*What is expected*
From the entries below, return only the lines starting at the one that contains "Immediate Breast Reconstruction" and ending at the one that contains "World's Heaviest Woman", exactly as they stand.

==== Information shown ====

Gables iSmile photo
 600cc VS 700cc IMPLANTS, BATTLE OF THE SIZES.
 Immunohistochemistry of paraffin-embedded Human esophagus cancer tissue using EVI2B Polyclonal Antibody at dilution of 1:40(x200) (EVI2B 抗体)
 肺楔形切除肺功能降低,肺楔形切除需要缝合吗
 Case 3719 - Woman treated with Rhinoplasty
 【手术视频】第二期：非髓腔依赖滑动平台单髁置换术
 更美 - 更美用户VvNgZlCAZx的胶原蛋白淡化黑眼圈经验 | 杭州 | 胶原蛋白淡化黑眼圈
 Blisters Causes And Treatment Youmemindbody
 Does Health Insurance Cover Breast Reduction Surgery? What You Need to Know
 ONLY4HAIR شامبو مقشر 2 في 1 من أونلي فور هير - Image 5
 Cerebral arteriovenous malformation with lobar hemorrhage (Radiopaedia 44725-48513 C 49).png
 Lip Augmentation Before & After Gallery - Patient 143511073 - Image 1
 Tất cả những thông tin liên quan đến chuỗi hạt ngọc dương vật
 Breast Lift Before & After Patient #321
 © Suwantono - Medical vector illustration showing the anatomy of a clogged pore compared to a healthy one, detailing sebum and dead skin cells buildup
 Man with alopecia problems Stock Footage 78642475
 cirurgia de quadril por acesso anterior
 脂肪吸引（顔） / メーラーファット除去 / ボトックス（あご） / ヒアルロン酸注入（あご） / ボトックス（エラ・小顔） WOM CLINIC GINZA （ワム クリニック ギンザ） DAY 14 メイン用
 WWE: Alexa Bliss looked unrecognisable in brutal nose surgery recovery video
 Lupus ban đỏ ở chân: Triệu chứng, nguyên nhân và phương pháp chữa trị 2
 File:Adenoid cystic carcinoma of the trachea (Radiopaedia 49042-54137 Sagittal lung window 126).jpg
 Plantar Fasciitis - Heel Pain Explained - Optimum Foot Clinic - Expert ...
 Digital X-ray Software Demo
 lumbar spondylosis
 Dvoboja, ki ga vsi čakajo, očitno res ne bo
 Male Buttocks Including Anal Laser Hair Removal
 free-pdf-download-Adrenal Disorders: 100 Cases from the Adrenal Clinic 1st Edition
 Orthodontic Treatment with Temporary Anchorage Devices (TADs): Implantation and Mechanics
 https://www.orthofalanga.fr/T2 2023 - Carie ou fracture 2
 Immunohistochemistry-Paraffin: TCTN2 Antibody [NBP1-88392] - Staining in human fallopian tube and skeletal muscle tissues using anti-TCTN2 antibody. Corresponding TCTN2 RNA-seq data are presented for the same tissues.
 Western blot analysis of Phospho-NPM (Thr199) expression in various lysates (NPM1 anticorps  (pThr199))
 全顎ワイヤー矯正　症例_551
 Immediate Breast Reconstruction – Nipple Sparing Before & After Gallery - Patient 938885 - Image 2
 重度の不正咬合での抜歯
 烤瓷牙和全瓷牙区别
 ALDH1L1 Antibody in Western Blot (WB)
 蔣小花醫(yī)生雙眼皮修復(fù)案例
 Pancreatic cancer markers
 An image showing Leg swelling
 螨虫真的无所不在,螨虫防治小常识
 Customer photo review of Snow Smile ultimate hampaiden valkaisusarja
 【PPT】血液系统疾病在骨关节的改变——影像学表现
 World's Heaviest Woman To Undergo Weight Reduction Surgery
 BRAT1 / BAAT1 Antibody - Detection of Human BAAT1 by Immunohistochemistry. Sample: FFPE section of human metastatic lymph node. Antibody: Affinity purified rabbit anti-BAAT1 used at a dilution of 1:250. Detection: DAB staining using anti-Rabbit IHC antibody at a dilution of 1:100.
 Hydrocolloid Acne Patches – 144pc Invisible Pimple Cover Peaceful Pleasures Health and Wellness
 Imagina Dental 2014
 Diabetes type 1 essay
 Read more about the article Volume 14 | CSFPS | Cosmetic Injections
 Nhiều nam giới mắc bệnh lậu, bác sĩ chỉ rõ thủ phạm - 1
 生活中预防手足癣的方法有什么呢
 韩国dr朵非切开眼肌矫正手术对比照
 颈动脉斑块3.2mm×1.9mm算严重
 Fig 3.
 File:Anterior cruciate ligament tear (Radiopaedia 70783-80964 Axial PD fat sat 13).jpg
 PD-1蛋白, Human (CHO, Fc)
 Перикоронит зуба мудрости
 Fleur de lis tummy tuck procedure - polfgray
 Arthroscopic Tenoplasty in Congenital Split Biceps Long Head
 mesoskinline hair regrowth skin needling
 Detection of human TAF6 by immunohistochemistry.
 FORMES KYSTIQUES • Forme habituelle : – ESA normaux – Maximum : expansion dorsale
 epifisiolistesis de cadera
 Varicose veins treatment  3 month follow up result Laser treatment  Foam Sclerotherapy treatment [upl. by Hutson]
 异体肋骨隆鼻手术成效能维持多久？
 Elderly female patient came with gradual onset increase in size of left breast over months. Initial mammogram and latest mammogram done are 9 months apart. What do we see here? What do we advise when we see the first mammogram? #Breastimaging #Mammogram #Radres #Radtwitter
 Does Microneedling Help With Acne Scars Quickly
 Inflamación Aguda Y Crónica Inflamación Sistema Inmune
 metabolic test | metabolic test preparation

====

*Solution to the problem*
 Immediate Breast Reconstruction – Nipple Sparing Before & After Gallery - Patient 938885 - Image 2
 重度の不正咬合での抜歯
 烤瓷牙和全瓷牙区别
 ALDH1L1 Antibody in Western Blot (WB)
 蔣小花醫(yī)生雙眼皮修復(fù)案例
 Pancreatic cancer markers
 An image showing Leg swelling
 螨虫真的无所不在,螨虫防治小常识
 Customer photo review of Snow Smile ultimate hampaiden valkaisusarja
 【PPT】血液系统疾病在骨关节的改变——影像学表现
 World's Heaviest Woman To Undergo Weight Reduction Surgery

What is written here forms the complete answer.